For teaching basic statistics, it is useful to be able to generate examples suitable for analysis of variance or simple linear models. sim.anova will generate the design matrix of three independent variables (IV1, IV2, IV3) with an arbitrary number of levels and effect sizes for each main effect and interaction. IVs can be either continuous or categorical and can have linear or quadratic effects. Either a single dependent variable or multiple (within subject) dependent variables are generated according to the specified model. The repeated measures are assumed to be tau equivalent with a specified reliability.

Usage

sim.anova(es1 = 0, es2 = 0, es3 = 0, es12 = 0, es13 = 0,
    es23 = 0, es123 = 0, es11=0,es22=0, es33=0,n = 2,n1 = 2, n2 = 2, n3 = 2, 
    within=NULL,r=.8,factors=TRUE,center = TRUE,std=TRUE)

Arguments

es1

Effect size of IV1

es2

Effect size of IV2

es3

Effect size of IV3

es12

Effect size of the IV1 x IV2 interaction

es13

Effect size of the IV1 x IV3 interaction

es23

Effect size of the IV2 x IV3 interaction

es123

Effect size of the IV1 x IV2 * IV3 interaction

es11

Effect size of the quadratric term of IV1

es22

Effect size of the quadratric term of IV2

es33

Effect size of the quadratric term of IV3

n

Sample size per cell (if all variables are categorical) or (if at least one variable is continuous), the total sample size

n1

Number of levels of IV1 (0) if continuous

n2

Number of levels of IV2

n3

Number of levels of IV3

within

if not NULL, then within should be a vector of the means of any repeated measures.

r

the correlation between the repeated measures (if they exist). This can be thought of as the reliablility of the measures.

factors

report the IVs as factors rather than numeric

center

center=TRUE provides orthogonal contrasts, center=FALSE adds the minimum value + 1 to all contrasts

std

Standardize the effect sizes by standardizing the IVs

Value

y.df is a data.frame of the 3 IV values as well as the DV values.

IV1 ... IV3

Independent variables 1 ... 3

DV

If there is a single dependent variable

DV.1 ... DV.n

If within is specified, then the n within subject dependent variables

Details

A simple simulation for teaching about ANOVA, regression and reliability. A variety of demonstrations of the relation between anova and lm can be shown.

The default is to produce categorical IVs (factors). For more than two levels of an IV, this will show the difference between the linear model and anova in terms of the comparisons made.
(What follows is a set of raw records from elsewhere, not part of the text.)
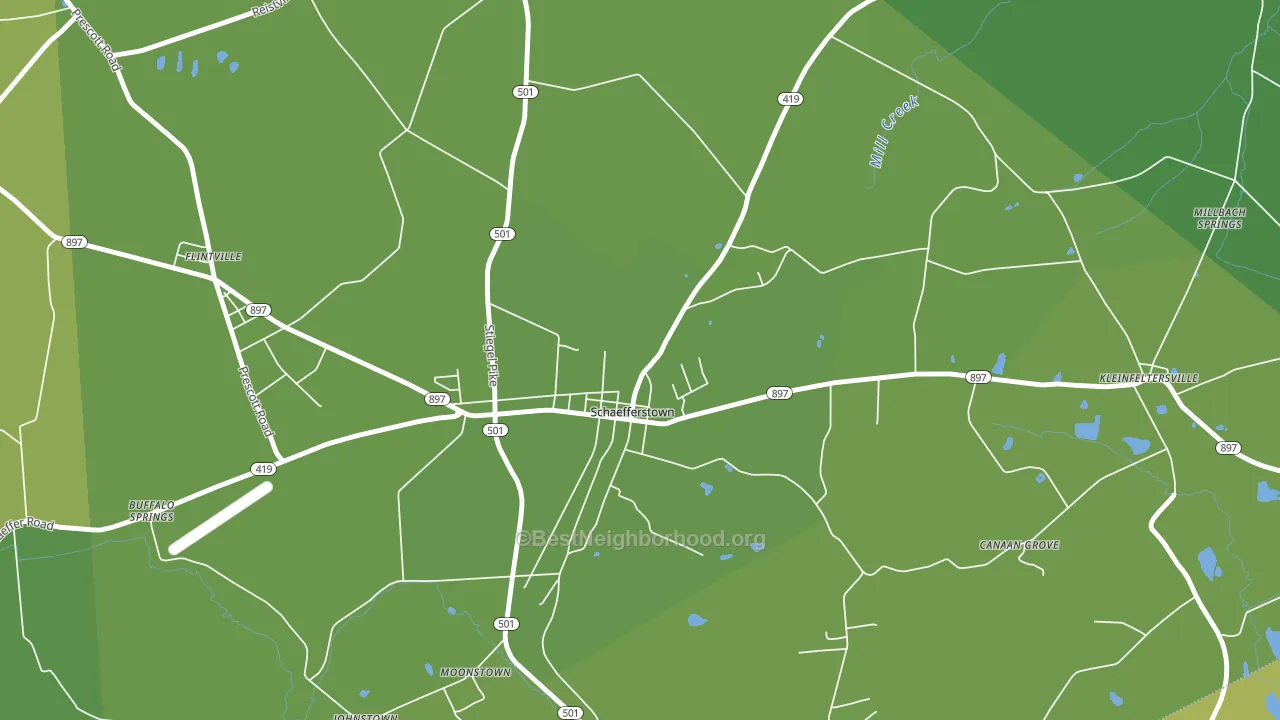 Schaefferstown, PA block-group voter-turnout map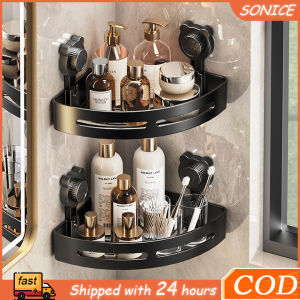 Suction Cup Corner Shelf - Bathroom Organizer Space Saver No Drill Storage Rack Easy Install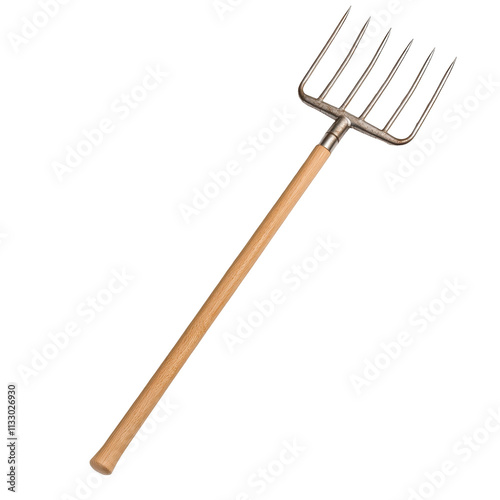 Gardening fork for cultivating soil and plants. transparent background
The within vector can be used to add congenerically equivalent dependent variables. These will have intercorrelations (reliabilities) of r and means as specified as values of within.

To demonstrate the effect of centered versus non-centering, make factors = center=FALSE. The default is to center the IVs. By not centering them, the lower order effects will be incorrect given the higher order interaction terms.

See Also

The general set of simulation functions in the psych package sim

Examples

Run this code
# NOT RUN {
set.seed(42)
data.df <- sim.anova(es1=1,es2=.5,es13=1)  # one main effect and one interaction
describe(data.df)
pairs.panels(data.df)   #show how the design variables are orthogonal
#
summary(lm(DV~IV1*IV2*IV3,data=data.df))
summary(aov(DV~IV1*IV2*IV3,data=data.df))
set.seed(42)
 #demonstrate the effect of not centering the data on the regression
data.df <- sim.anova(es1=1,es2=.5,es13=1,center=FALSE)  #
describe(data.df)
#
#this one is incorrect, because the IVs are not centered
summary(lm(DV~IV1*IV2*IV3,data=data.df)) 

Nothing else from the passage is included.